On Sun, Oct 04, 2015 at 04:38:46PM -0000, Matthew Paul Thomas wrote:
> (C) The same error design, but *without* the option to override.
> Example: misconfigured with HSTS registered, where ability to override
> is proscribed by RFC 6797 ("the user should not be presented with a
> dialog giving her the option to proceed").
> <https://pinningtest.appspot.com/>

This is a reasonable thing for the RFC to specify, because HSTS is a
declaration by the server that plaintext connections are disallowed, and any
plaintext connection represents an actual, active MITM attack.  The others
are not server declarations, they're the browser (accurately) interpreting
that a connection is not secure despite being https.  The user should have
some discretion in these cases about whether to connect to a server that
/may be/ MITMed, in the absence of a server declaration.

> I haven't been able to find the reason that C and D have different
> designs. But I know two reasons that A and B aren't the only approaches
> used. First, the browser may (as with SSLv3) not even contain code for
> using the vulnerable protocol any more.
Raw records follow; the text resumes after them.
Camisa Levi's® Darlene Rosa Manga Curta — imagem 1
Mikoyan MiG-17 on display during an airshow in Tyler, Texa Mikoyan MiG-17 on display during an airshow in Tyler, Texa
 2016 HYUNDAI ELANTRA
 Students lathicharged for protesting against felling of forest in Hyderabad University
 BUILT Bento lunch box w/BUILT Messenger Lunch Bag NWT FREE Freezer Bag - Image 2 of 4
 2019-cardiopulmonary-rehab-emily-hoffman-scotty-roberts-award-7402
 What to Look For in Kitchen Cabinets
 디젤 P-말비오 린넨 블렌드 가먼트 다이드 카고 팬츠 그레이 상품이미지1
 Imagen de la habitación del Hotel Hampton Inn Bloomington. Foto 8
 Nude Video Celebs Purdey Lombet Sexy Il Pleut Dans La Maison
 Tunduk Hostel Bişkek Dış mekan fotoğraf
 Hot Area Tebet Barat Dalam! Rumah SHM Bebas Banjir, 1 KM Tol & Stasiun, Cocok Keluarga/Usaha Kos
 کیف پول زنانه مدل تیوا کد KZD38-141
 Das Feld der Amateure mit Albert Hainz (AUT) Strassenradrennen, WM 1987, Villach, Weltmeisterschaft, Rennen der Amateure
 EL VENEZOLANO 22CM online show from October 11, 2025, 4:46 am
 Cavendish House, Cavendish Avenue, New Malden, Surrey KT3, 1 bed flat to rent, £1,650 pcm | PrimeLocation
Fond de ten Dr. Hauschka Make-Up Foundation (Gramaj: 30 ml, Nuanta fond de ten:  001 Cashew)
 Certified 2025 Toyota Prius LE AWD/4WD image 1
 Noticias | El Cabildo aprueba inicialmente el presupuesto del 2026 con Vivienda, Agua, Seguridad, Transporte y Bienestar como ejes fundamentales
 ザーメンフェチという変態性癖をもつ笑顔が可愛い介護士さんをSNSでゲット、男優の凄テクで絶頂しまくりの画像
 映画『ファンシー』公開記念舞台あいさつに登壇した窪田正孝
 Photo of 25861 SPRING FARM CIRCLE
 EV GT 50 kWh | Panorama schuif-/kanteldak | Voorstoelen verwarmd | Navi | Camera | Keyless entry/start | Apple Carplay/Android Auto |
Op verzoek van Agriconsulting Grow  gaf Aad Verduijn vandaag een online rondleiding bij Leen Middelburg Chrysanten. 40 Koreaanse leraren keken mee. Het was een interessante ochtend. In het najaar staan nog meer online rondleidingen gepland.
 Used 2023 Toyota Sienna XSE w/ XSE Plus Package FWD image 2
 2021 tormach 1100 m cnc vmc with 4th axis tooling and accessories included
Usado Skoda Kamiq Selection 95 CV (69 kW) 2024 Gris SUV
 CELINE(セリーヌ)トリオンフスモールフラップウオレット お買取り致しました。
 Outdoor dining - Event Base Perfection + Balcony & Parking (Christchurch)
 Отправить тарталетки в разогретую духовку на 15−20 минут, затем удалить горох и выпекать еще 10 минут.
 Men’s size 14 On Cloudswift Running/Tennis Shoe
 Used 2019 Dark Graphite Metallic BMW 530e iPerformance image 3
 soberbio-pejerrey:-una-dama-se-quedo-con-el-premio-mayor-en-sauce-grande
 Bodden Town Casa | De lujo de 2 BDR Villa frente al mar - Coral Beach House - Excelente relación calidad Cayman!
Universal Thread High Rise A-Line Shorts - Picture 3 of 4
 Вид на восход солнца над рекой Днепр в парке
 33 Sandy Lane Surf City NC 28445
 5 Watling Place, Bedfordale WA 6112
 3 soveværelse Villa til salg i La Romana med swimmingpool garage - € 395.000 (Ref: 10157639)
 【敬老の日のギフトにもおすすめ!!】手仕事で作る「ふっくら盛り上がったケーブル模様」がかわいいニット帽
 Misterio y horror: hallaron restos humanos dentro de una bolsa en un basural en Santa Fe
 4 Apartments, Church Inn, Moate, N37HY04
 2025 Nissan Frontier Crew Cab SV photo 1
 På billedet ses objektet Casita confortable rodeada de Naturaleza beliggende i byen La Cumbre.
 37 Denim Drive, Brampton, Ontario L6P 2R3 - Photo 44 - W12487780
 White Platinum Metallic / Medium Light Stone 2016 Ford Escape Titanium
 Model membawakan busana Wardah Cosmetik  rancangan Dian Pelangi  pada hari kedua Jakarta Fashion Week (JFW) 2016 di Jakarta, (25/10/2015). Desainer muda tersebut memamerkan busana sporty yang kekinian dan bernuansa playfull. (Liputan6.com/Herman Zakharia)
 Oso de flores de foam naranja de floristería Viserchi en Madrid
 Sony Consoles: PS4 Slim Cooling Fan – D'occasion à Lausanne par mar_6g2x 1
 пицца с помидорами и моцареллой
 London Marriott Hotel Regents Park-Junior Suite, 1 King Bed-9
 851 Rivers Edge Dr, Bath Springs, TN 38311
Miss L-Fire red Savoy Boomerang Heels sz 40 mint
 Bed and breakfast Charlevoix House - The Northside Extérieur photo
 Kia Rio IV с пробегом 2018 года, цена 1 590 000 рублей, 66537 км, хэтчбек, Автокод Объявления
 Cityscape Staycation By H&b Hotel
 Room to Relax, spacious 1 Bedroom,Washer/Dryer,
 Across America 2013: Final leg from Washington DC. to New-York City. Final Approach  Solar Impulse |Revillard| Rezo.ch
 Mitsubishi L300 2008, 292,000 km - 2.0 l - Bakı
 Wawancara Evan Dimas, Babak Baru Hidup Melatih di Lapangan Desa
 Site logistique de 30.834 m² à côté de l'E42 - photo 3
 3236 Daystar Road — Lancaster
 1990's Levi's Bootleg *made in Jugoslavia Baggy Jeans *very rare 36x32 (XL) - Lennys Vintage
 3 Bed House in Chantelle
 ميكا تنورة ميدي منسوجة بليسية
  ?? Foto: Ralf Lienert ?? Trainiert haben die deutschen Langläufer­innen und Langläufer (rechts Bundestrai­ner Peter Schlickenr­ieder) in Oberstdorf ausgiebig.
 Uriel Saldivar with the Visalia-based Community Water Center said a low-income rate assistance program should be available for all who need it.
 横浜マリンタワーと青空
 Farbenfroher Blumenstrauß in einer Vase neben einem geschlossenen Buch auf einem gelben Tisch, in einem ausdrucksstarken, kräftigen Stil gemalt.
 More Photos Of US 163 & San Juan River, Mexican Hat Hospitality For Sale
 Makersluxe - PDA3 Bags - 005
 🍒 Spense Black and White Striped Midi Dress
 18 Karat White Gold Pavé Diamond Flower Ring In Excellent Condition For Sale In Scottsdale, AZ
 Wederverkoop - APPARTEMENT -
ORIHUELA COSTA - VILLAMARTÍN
Second, which I think is the
> issue here, the easier it is for someone to override an error when they
> know there's no risk in their particular case, the more likely it is
> that someone *who is actually on the verge of being attacked* will
> override the error too. <https://nakedsecurity.sophos.com/2015/02/03
> /google-redesigns-security-warnings-after-70-of-chrome-users-ignore-
> them/> ("Syrian Internet users saw SSL warnings when the Syrian Telecom
> Ministry allegedly attacked Facebook users.")

And yet, the browser does provide the user with a UI for overriding
certificate verification failures.  Connecting to a server that's vulnerable
to Logjam is *not more dangerous* than connecting to a server with an
untrusted certificate.  It is this inconsistency that is the problem.

To put it another way: not only could the hypothetical attacker who wants to
resell the airport wifi for $4.95 a pop do so by frontrunning their own
AP, they could also do so by just using a self-signed certificate and
MITMing the actual server on the same network.  Because apparently those
users that we're trying to protect from themselves will still click through
*that* warning dialog, even if we've prevented them from being able to click
through *this* warning dialog.

Also of concern:  the suggested workaround is to toggle the values of
security.ssl3.dhe_rsa_aes_128_sha and security.ssl3.dhe_rsa_256_sha to false
in about:config.  After some confusion about what these settings do and why
setting them to 'false' fixes something, it appears that what this does is
is drop these weak ciphers from the list that firefox negotiates:

  http://techdows.com/2015/05/how-to-make-firefox-browser-safe-against-logjam-attack.html

If these values are still set to 'true' by default, then as far as I can
tell that means firefox 39+ is still allowing these ciphers in the SSL
negotiation, and then, *if these are chosen by the SSL negotiation*, firefox
refuses to talk any further to this server.

If setting these config options to 'false' lets firefox talk to these
servers, that means they had other cipher options that firefox and the
server could agree on, and so firefox should have negotiated those in the
first place instead of negotiating in bad faith.